Saturday, March 03, 2007

Why So Many Books About Ivory-bills?

J. Maarten Troost, author of The sex lives of cannibals, offers the following tongue-in-cheek explanation as to why he wrote a humorous travel novel about his two years spent living on Tarawa, a remote atoll in Kiribati:
It is the nature of books such as these—the travel, adventure, humor, memoir kind of book—to offer some driving force, an irreproachable motivation, for undertaking the odd journey. One reads, I had long been fascinated by the Red-arsed Llama, presumed extinct since 1742, and I determined to find one; or . . . . And typically, the writer emerges a little wiser, a little kinder, more spiritual, with a greater appreciation for the interconnectivity of all things.
It seems that Troost might have some unique insight into the psychological motivations that drive people to write books about their encounters with animals that others can’t find, such as the recent spate of books on the Ivory-billed Woodpecker (i.e., Jackson, Hoose, Gallagher, Harrison Luneau, Hill).

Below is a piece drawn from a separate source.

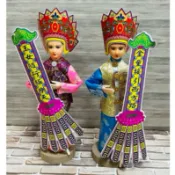 【快速出貨】紙紮金童玉女 一對/清明用品/紙紮人偶/紙紮魂身/紙紮金童/紙紮玉女/祭祀祭祖/清明用品/往生用品 百日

In my early teens, I eagerly devoured every page of Ivan T. Sanderson’s Abominable snowmen, and Bernard Huevelman’s On the track of unknown animals. If I were a teen today, I might be equally attracted to fantastical, hope-filled stories about a winged creature that once roamed our southern swamps, and today is often referred to reverentially (if incorrectly; see here and here) as the Lord God Bird.

2 Comments:

Blogger cyberthrush said...

I think it's more of a 2-way street than you acknowledge here -- of course there are 'psychological motivations' for publishing such work (there are psy. motivations for any sort of writing/communicating -- including blogs ;-), but there is also an audience of inquiring minds thirsty for such info, ranging from teenage J. Trapps to serious academic scientists; such stories are afterall big news, and without an attentive audience the writings would dry up.

March 03, 2007 12:10 PM  
Blogger John L. Trapp said...

There is indeed a large and attentive audience for these types of books, and the IBWO books to date have generally been exceptionally well-written (award-winning even) and entertaining.